First thing, googled up every possible combination of all the keywords that made sense. Yet all I’ve found on the subject was one single forum thread. They came up with the following.

- Increase row ID by element weight on each element insert.
- Query a random element by generating a random ID between the first and latest and return the row with the nearest lower ID.
- Update weights by rebuilding the table from the row in question.

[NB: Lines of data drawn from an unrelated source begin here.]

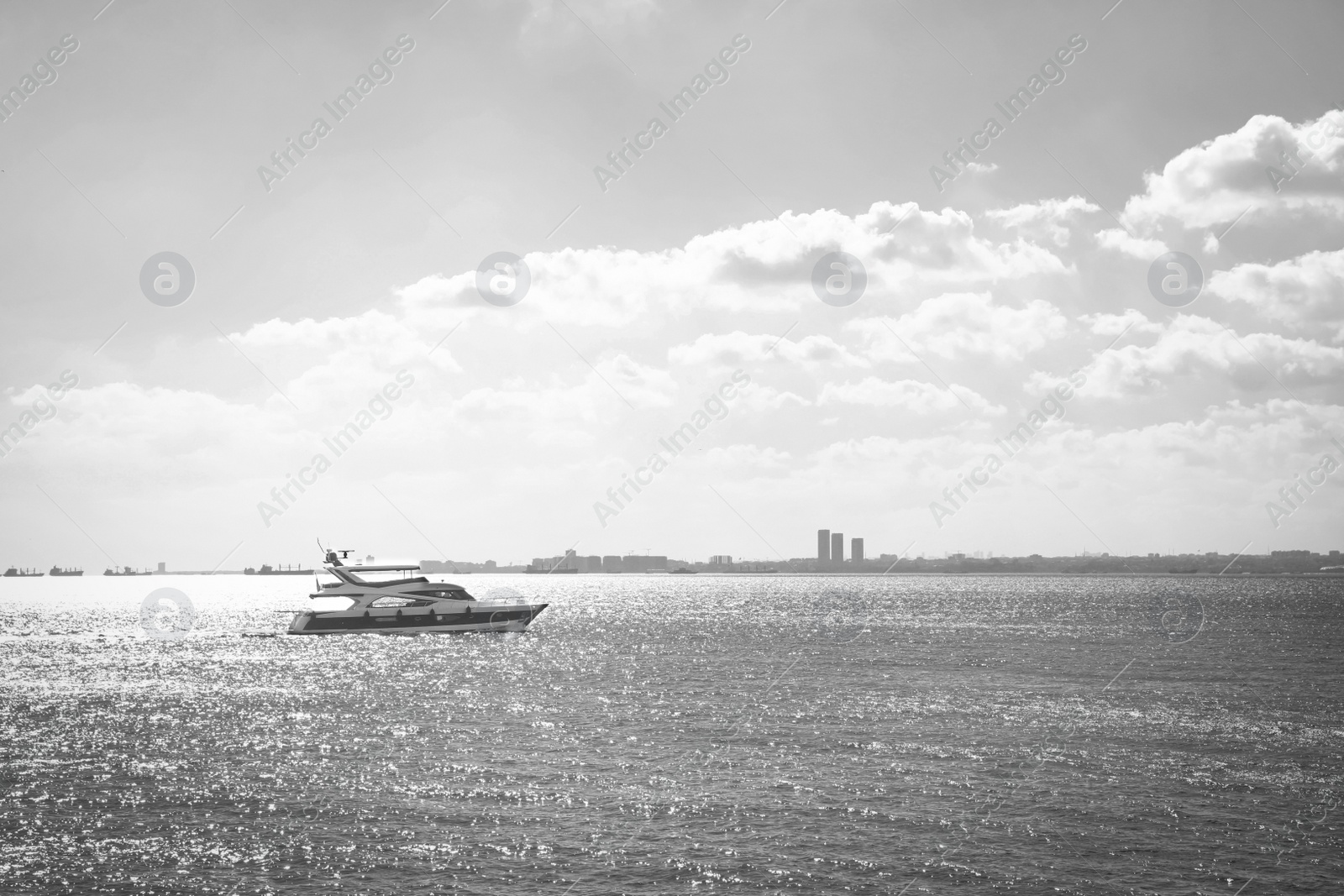 Image of Beautiful sea with motorboat. Black and white tone 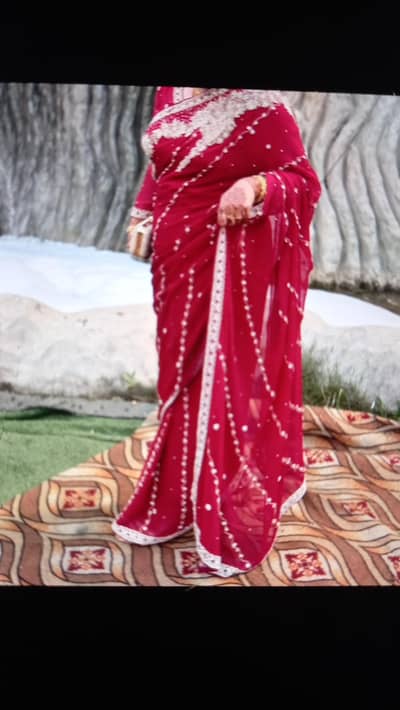 shocking pink saree with heavy stone work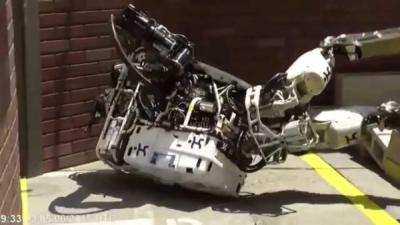 Atlas, a large humanoid robot with metal frame and exposed cables and actuators, falls on its back on a concrete floor at a robotics competition arena.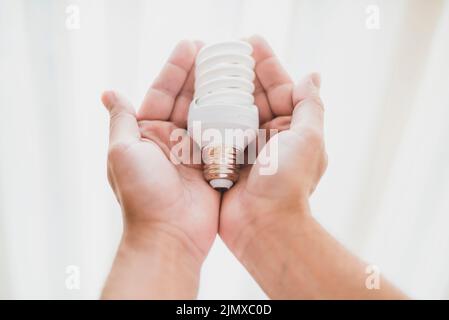 Close up hand holding compact fluorescent light bulb Stock Photo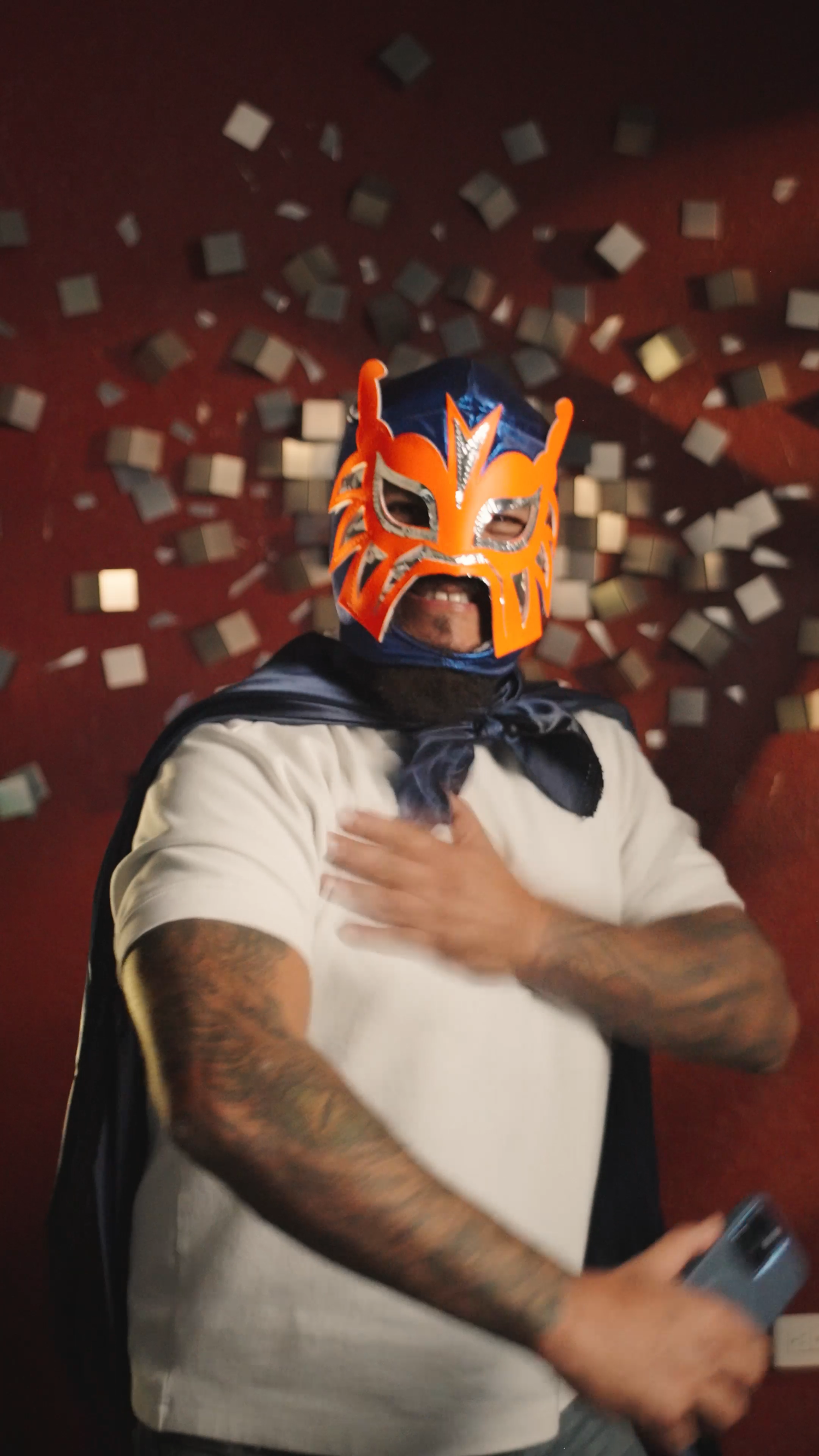 A wrestler wearing a colorful blue and orange lucha libre mask and cape poses dramatically against a red wall.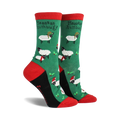 Pair of women's crew socks. Green background with festive sheep wearing Santa hats and scarves. Red and black accents.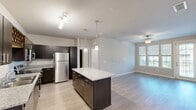 Located at 606 SW 29th Ave in Cape Coral, Florida, this two-story home offers 2 bedrooms and 2 bathrooms across a well-organized layout. The main living level hosts the majority of the space, while the ground floor provides an attached garage with a concrete floor and automatic opener. A staircase connects both levels, leading up to the bright, open-concept kitchen and living area. The kitchen is outfitted with dark espresso cabinetry, granite-style countertops, stainless steel appliances including a refrigerator, range, microwave, and dishwasher, and a central island with pendant lighting above. Light wood-style flooring extends throughout the main living area, which benefits from a ceiling fan and windows that invite natural light. The primary bedroom is generously sized, featuring a ceiling fan, large windows with exterior views, and access to a dedicated closet. The second bedroom offers plush carpeting, a ceiling fan, and its own closet. Both bathrooms are finished with dark vanities, granite-style countertops, and tub-shower combinations with clean white surrounds. A dedicated in-unit laundry room accommodates a full-size washer and dryer. The overall aesthetic is modern and cohesive throughout.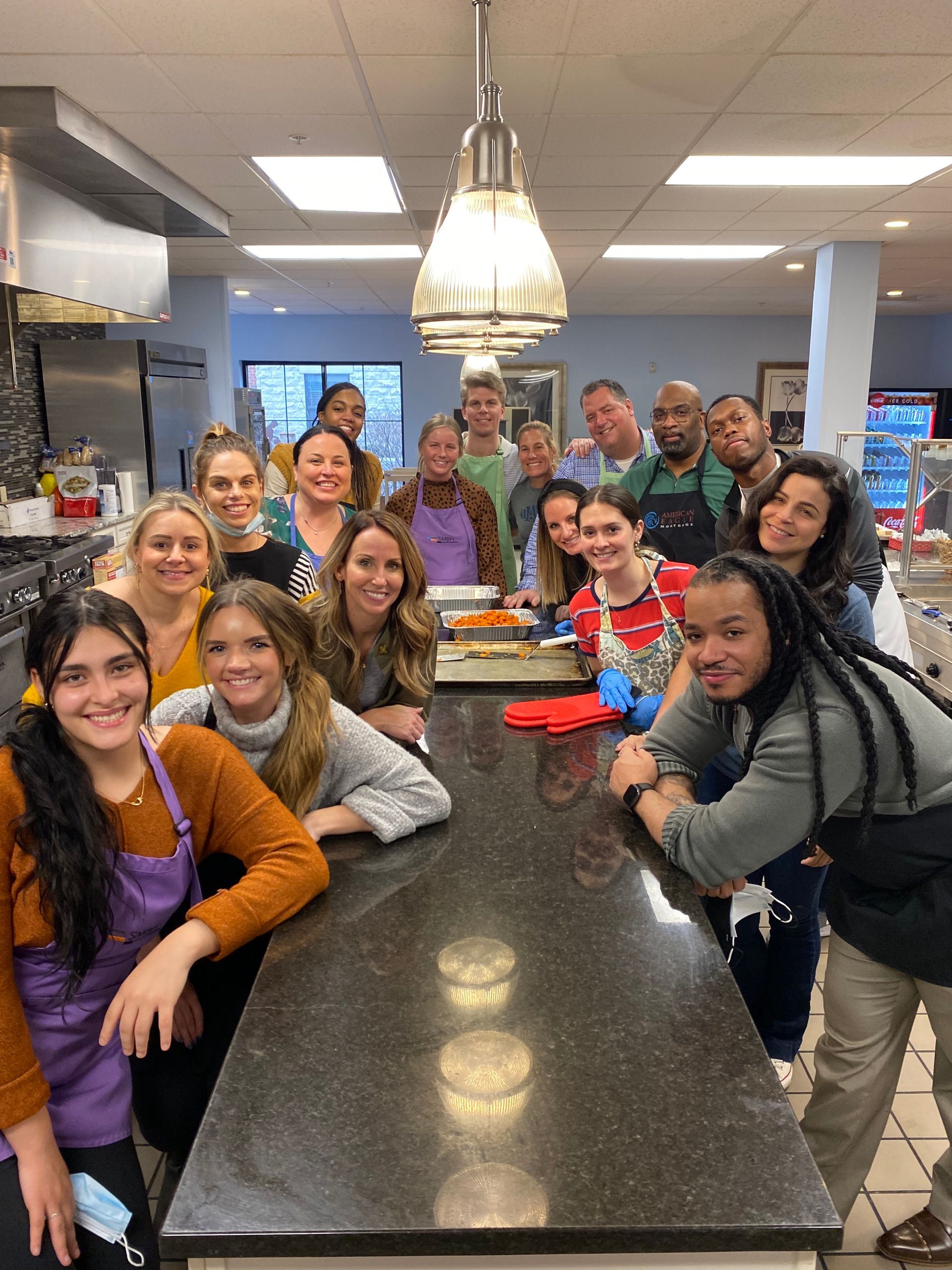 A diverse group of people posing for a photo behind a long kitchen island in a commercial kitchen setting.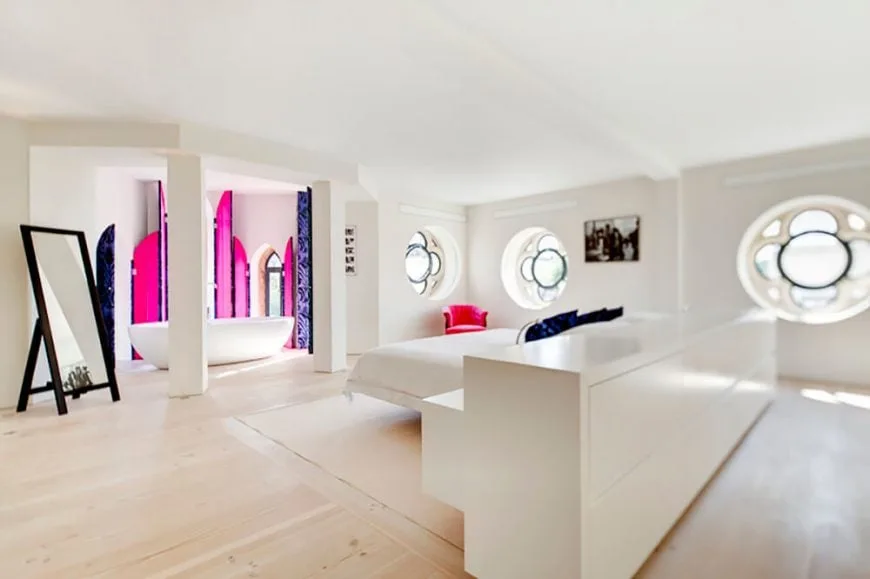 Gran suite principal personalizada que presenta una moderna configuración de cama con mesillas de noche empotradas junto con una bañera independiente en el lateral. La habitación tiene suelo de madera, paredes blancas y techo blanco.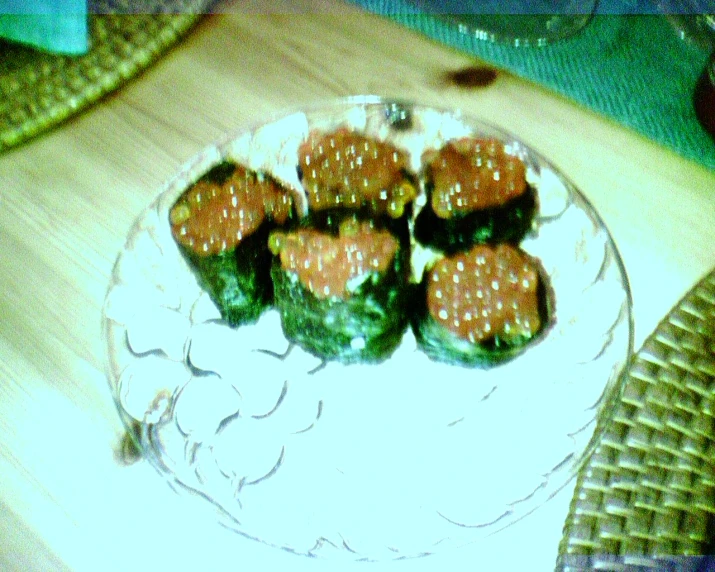 sushi on a white plate on top of a wooden table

Needless to say, this solution is inferior at a high element count and outright unacceptable in real-time web applications. So, I was forced to put together a solution of my own.

### Scraping the surface

The first idea that popped into my mind was an SQL approach with two tables: ‘Elements’ and ‘Multiplicity’. In ‘Elements’ go all the properties of the actual elements of the distribution, one row for each. In ‘Multiplicity’, rows are inserted or deleted each time an element’s weight is changed. A query goes as simple as this (MySQL):

SELECT * FROM Elements NATURAL JOIN Multiplicity ORDER BY RAND() LIMIT 1

(The join is there only to show that it’s the information in Elements that carries value for us. I could just as well select from Multiplicity and then look up the corresponding element by key. Also, I looked past the inefficiency of ORDER BY RAND() for the sake of compactness.)

While the above does work, there are still problems. For one, only integer weights may be concerned. But I could live with that. The real problem is that every single unit of weight is another row in Multiplicity. Imagine just 1 million rows in Elements, each having an average weight of 1000. Looks like I’ve just added three magnitudes to my data storage needs. No doubt, this concept also fails, albeit for a different reason, on large-scale.

### One that works

So, what’s the solution, that’s fast and doesn’t consume the entire Internet? Right after the SQL approach I started experimenting with something similar to the first solution (inserting and querying being the same as there), but I already knew that updating weight was not an option. And that was the key. I cannot update the weight in a row but I can update element properties. So what I do is insert the same element with the new weight and update the original row by removing all element properties and leaving only the weight, thus creating an empty, but weighted row. This empty row becomes a placeholder for a future element with the same weight. So before inserting an element I first check for a placeholder and insert only if there’s none. Otherwise I just update the placeholder. This way the IDs and weights remain consistent, and the method is applicable to real-time applications even with huge datasets.

There are only two minor problems. To keep the number of placeholders low, only a predefined set of weights may be used. Powers of two, Fibonacci numbers, et cetera. Secondly, empty elements count too in the querying process, distorting the relative weight of real elements. But this can be easily resolved by re-running the query again and again until it returns a real element.